Welcome to Select Committee on the Social Determinants of Children’s Well-Being

The social determinants of health are conditions in which people are born, grow, live, work, and age.  Children’s well-being is increasingly linked to the social determinants.  For example, nearly a quarter of young children in California live in poverty—a fact that has profound educational, health, and economic repercussions now and in the long term in that they create inequities that are unfair, but that could be mitigated.  For the scope of the Committee’s work, we are defining children to include young adults up to age 26.   

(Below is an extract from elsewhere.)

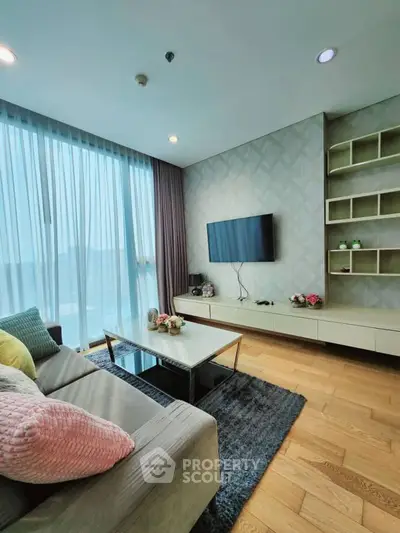 Modern living room with large windows, stylish decor, and wall-mounted TV.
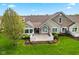 Aerial view of a home with stone and siding, complemented by a manicured lawn and stylish fence at 1098 Extraordinary Trl, Greenfield, IN 46140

The Select Committee was formed in February 2019 and will be active through the two-year legislative session. The bipartisan Select Committee members will be tasked with presiding over hearings that focus on specific social determinants of health that drive negative outcomes such as housing and homelessness, health access, immigration, poverty and the safety net, land use, and education.  The Committee seeks to understand challenges in the current systems with the various determinants and consider ways to improve outcome for children.  The geographic focus of the work will be on areas with high poverty rates that is inclusive, but not limited to: Los Angeles, the San Joaquin Valley, the Inland Empire, the Central Coast, and Northern Border/Tribal Lands. 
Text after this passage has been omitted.